» **WHAT IS EXPECTED**:
Return, without anything added, the lines from the one containing "Photo 4 — Shop in Sofia, Obelya 2" through the end of the entries below, exactly as written.

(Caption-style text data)
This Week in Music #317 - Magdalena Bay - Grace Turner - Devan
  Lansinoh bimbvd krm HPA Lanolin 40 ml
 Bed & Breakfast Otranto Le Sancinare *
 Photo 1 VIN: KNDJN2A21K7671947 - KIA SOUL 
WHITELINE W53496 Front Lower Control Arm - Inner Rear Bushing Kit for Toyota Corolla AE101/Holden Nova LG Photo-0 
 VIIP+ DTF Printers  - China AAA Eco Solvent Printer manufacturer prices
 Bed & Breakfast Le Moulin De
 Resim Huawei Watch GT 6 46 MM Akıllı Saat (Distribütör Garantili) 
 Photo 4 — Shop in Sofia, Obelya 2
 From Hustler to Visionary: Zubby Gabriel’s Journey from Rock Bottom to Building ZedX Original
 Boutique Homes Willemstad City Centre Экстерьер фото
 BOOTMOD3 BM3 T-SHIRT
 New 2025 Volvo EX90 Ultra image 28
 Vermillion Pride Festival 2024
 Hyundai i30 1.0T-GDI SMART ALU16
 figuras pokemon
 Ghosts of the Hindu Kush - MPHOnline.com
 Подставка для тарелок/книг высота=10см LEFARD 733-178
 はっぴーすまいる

» **RESPONSE BELOW**:
 Photo 4 — Shop in Sofia, Obelya 2
 From Hustler to Visionary: Zubby Gabriel’s Journey from Rock Bottom to Building ZedX Original
 Boutique Homes Willemstad City Centre Экстерьер фото
 BOOTMOD3 BM3 T-SHIRT
 New 2025 Volvo EX90 Ultra image 28
 Vermillion Pride Festival 2024
 Hyundai i30 1.0T-GDI SMART ALU16
 figuras pokemon
 Ghosts of the Hindu Kush - MPHOnline.com
 Подставка для тарелок/книг высота=10см LEFARD 733-178
 はっぴーすまいる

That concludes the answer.